This is a slight variation of a theme, I was already blogging about some time ago. But I recently had a discussion with a colleague and thought it would be worthwhile to share my notes here. So what might go wrong if you control for post-treatment variables in your statistical model? From economists you might hear something like “a post-treatment variable is endogenous, and you shouldn’t control for endogenous variables”. But that’s too vague of an answer. Take for example the following setting, which is inspired by my own research.
There is a large literature documenting that firms which are predominantly owned by single families often invest less in innovation and R&D. Reasons for this are that family owners often want to keep tight control over the company, which leads to conservatism in their decision-making and a reluctance to involve outside investors. This makes it harder for them to finance risky and expensive R&D projects. Obviously, in the long-run, this will have an effect on performance, if family firms invest too little in new product development and optimizing their production processes.
Now imagine I want to analyze the relationship between family ownership and firm performance, but I’m not really interested in R&D expenditures. Maybe I want to investigate another phenomenon related to family owners and the innovation aspect is already too well researched to care for it anymore. At the same time though I know that R&D expenditures are an important factor and I should better account for it.
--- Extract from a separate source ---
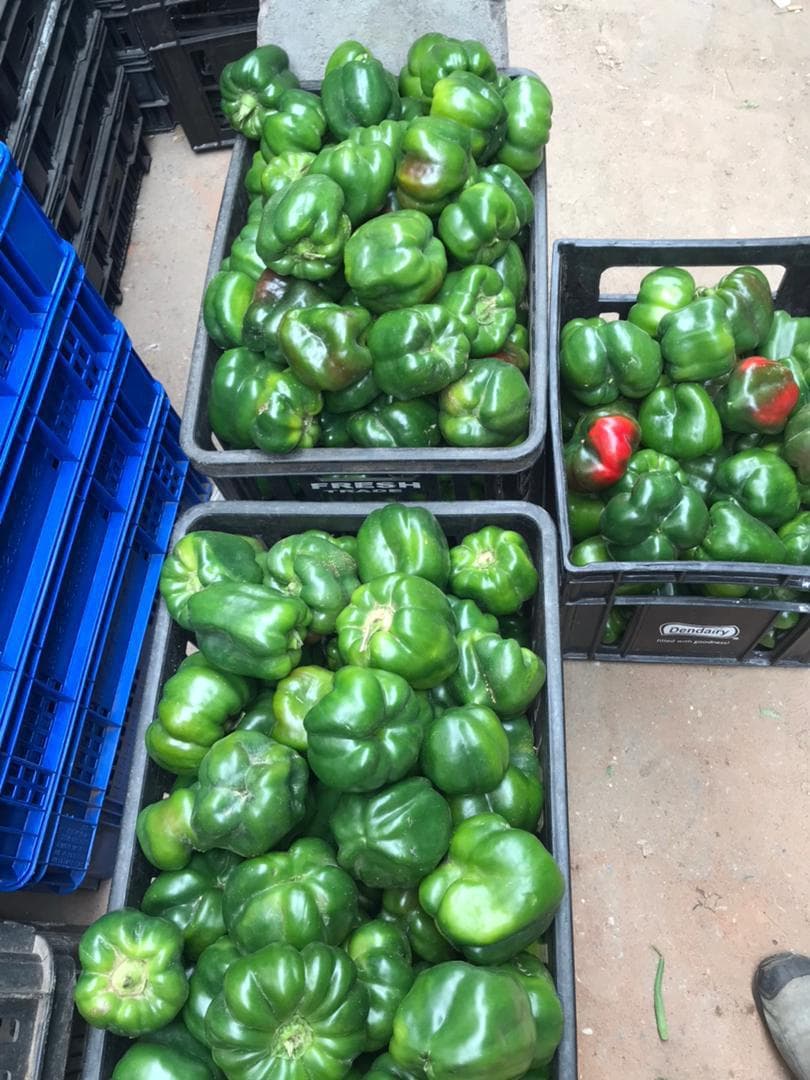 Green Bell Peppers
So if the graph above is indeed the correct model, I could include R&D ependitures in my regression to hold them constant across firms. Any effect of innovation spending on performance would then be eliminated and I could focus on whatever else I’m interested in. This works even though R&D expenditures are an endogenous, post-treatment variable in the model (you can see this by the arrow that points into it).
So far no problem. But the situation changes dramatically if we add an unobserved confounder.
Now R&D expenditures become what we call a collider variable, because two arrows, one emitted from family ownership and the other from U, meet in it. Colliders are a tricky business because they open up biasing paths if we control for them (here: family ownership R&D expenditures U firm performance). They are almost like landmines in empirical research. Left alone they do no harm, but once you condition on them you end up with estimation bias.
Unfortunately, it’s quite likely that there are unobserved variables that affect both R&D expenditures and firm performance, such as general management quality or a particularly well-trained workforce. Therefore, collider bias is a huge risk when controlling for post-treatment variables.
Sometimes people operate under the vague notion that if they include post-treatment variables in a regression they could get at a causal effect “net of this variable”. Or put differently, they think they could say something about the different causal mechanisms that are at play. This view is tricky, if not mistaken! Because if there are unobserved confounders between the outcome and the intermediate variable, like in the example above, it’s impossible to keep the two causal mechanisms apart. That’s exactly why mediation analysis is so hard. Kosuke Imai and coauthors have developed a sensitivity analysis, which allows you to check whether your mediation analysis remains robust to a mediator-outcome-correlation. If you’re interested in mediation analysis, you can also check out this previous post of mine.
In any case, stay safe and watch out for collider bias!